Preparing Your Interview Transcripts

This section guides you through the process of transforming traditional interview transcripts into structured CSV files that can be used with the Oral History as Data platform.

Key Steps

  • Clean your transcript text (remove formatting artifacts, normalize for web display)
  • Create a CSV with columns: speaker, words, tags, timestamp
    • The only required column is words
  • Each row = one paragraph on the page
    • Break up overly long rows!
  • Save as CSV
  • Important! the filename must match the objectid in your metadata
    • A mismatch between filename and objectid is the most common problem users run into! (More below)

Transcript CSV Structure

Your transcript CSV files can include the following columns (in any order). Note that the only required field is words!

  1. speaker: The person speaking in this segment (optional)
  2. words: The text of what was said
  3. tags: Your thematic codes for this segment (optional, but enables visualization)
  4. timestamp: Timecode reference for audio/video syncing (optional)
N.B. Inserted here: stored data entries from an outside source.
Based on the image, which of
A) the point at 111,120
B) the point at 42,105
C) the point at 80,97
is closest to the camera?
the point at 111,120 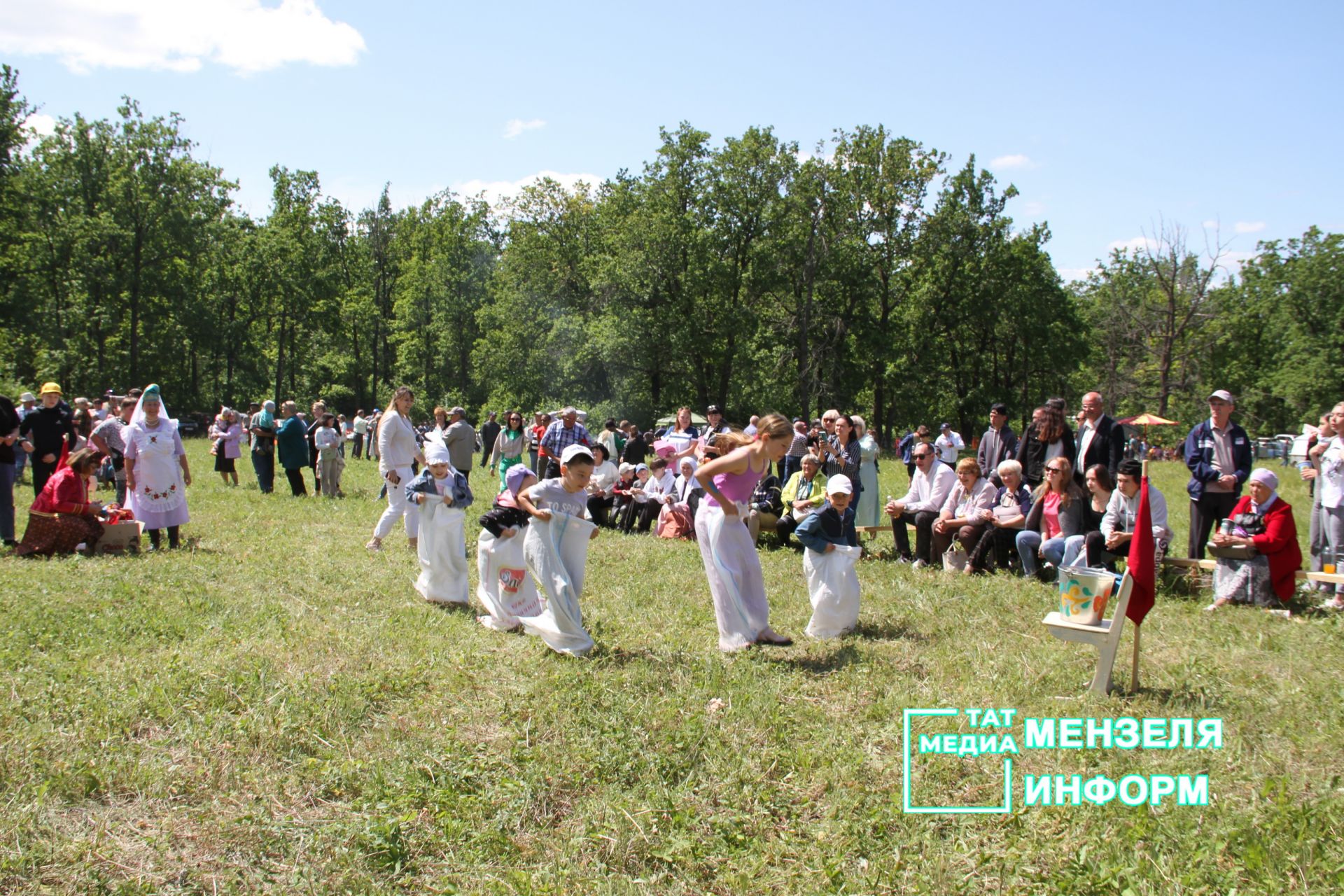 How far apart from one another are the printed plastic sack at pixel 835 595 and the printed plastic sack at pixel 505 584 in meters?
2.13

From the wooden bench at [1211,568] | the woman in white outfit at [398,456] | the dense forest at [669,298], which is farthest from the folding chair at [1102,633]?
the dense forest at [669,298]

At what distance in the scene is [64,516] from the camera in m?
9.49

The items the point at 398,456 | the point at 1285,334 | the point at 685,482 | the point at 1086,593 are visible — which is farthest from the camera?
the point at 1285,334

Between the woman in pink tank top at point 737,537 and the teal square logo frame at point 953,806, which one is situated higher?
the woman in pink tank top at point 737,537

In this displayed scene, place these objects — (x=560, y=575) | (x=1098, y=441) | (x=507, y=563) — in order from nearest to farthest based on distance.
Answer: (x=560, y=575) → (x=507, y=563) → (x=1098, y=441)

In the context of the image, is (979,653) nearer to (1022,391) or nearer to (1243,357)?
(1022,391)

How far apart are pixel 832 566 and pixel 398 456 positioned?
516 centimetres

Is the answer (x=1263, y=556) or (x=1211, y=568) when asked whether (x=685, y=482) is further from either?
(x=1263, y=556)

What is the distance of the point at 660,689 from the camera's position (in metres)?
5.55

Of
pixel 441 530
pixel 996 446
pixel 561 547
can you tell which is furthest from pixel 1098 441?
pixel 441 530

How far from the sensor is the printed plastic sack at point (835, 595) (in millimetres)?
6703

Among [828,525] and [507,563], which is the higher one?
[828,525]

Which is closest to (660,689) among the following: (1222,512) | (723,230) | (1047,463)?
(1047,463)

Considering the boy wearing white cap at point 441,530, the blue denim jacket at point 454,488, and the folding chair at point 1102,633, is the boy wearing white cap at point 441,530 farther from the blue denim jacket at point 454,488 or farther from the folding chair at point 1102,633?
the folding chair at point 1102,633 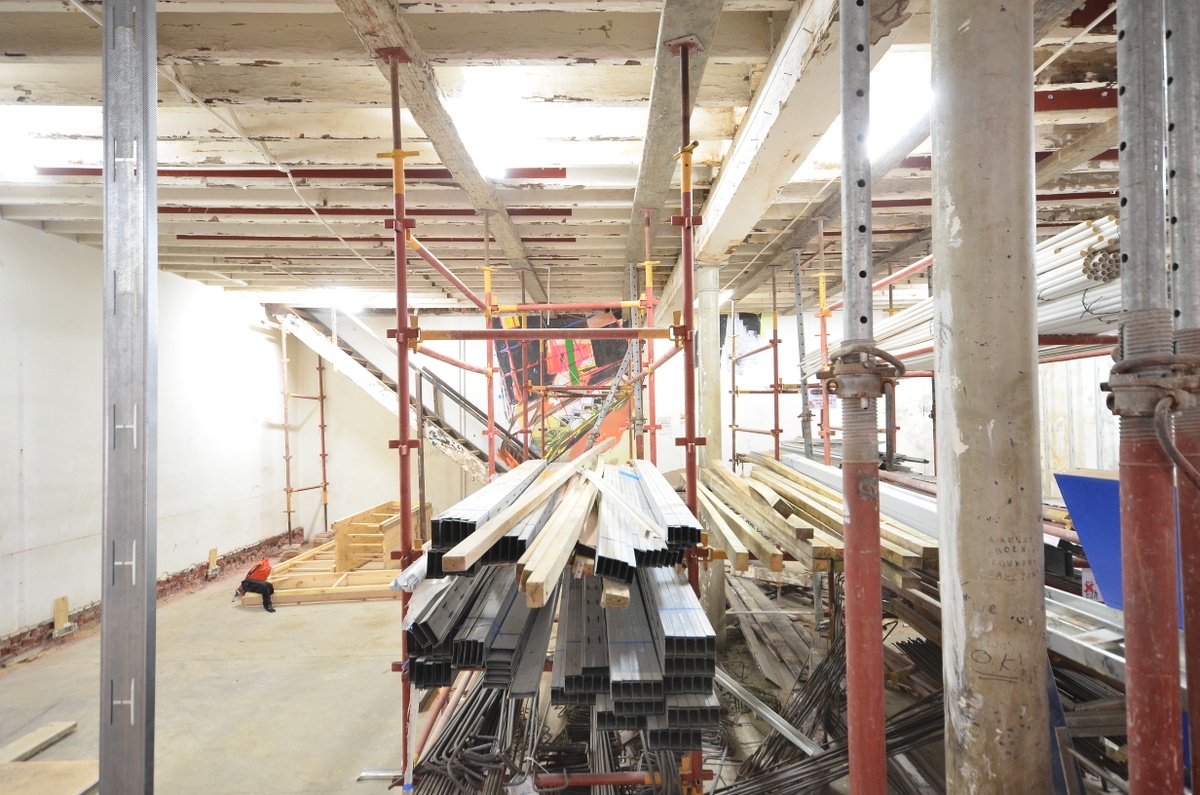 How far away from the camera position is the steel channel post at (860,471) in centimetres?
149

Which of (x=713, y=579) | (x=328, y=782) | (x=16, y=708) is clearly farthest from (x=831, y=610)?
(x=16, y=708)

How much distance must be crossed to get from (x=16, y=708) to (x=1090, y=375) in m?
13.4

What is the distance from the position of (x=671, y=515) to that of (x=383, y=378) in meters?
8.18

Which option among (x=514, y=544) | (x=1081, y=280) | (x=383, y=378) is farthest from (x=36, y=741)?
(x=1081, y=280)

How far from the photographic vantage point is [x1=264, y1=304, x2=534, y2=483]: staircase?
8.17 m

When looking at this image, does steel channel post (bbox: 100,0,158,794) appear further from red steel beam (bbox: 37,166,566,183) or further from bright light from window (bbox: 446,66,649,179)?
red steel beam (bbox: 37,166,566,183)

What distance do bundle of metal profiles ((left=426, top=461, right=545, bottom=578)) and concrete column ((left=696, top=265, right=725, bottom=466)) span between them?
8.55 feet

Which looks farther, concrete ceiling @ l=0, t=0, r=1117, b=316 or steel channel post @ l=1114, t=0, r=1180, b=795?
concrete ceiling @ l=0, t=0, r=1117, b=316

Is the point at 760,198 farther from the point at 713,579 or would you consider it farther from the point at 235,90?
the point at 235,90

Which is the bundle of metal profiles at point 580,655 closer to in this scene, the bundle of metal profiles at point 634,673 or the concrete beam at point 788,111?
the bundle of metal profiles at point 634,673

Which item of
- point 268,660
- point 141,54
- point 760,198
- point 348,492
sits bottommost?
point 268,660

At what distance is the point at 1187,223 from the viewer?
134cm

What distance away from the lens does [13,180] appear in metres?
4.26

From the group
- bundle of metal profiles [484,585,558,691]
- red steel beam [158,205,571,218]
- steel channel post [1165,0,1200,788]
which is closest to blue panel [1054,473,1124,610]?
steel channel post [1165,0,1200,788] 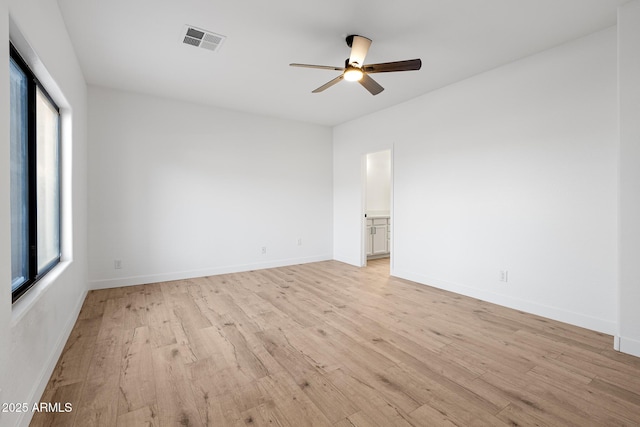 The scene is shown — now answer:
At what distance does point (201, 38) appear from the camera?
2.72 m

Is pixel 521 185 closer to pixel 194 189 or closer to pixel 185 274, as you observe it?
pixel 194 189

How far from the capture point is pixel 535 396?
1.80m

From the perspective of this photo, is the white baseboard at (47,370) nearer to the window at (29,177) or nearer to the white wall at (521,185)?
the window at (29,177)

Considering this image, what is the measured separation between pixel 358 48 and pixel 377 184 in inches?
160

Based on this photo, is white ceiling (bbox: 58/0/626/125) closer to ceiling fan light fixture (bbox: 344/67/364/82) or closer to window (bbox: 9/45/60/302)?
ceiling fan light fixture (bbox: 344/67/364/82)

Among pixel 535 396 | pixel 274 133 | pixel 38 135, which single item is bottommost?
pixel 535 396

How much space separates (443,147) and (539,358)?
103 inches

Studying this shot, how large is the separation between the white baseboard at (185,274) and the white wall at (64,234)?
1.31 feet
The first row of your CSV file should contain these column headers.

Using Tags for Visualization and Analysis

Tags are thematic codes that enable powerful visualization and filtering features in your oral history site. Think of tags as keywords or themes that describe the content of each transcript segment.

What Tags Do

When you add tags to transcript segments, they:

  • Create color-coded visualizations - Each tag gets a unique color in the interactive transcript view, making it easy to see patterns
  • Enable filtering - Users can click on tags to filter the transcript and see only segments about specific topics
  • Support analysis - Tags help researchers identify themes across multiple interviews
  • Generate tag clouds - The visualization page shows which themes appear most frequently

The filters.csv File Explained

The filters.csv file is your tag vocabulary or coding scheme. It defines all the tags you’ll use across your entire collection and provides descriptions of what each tag means.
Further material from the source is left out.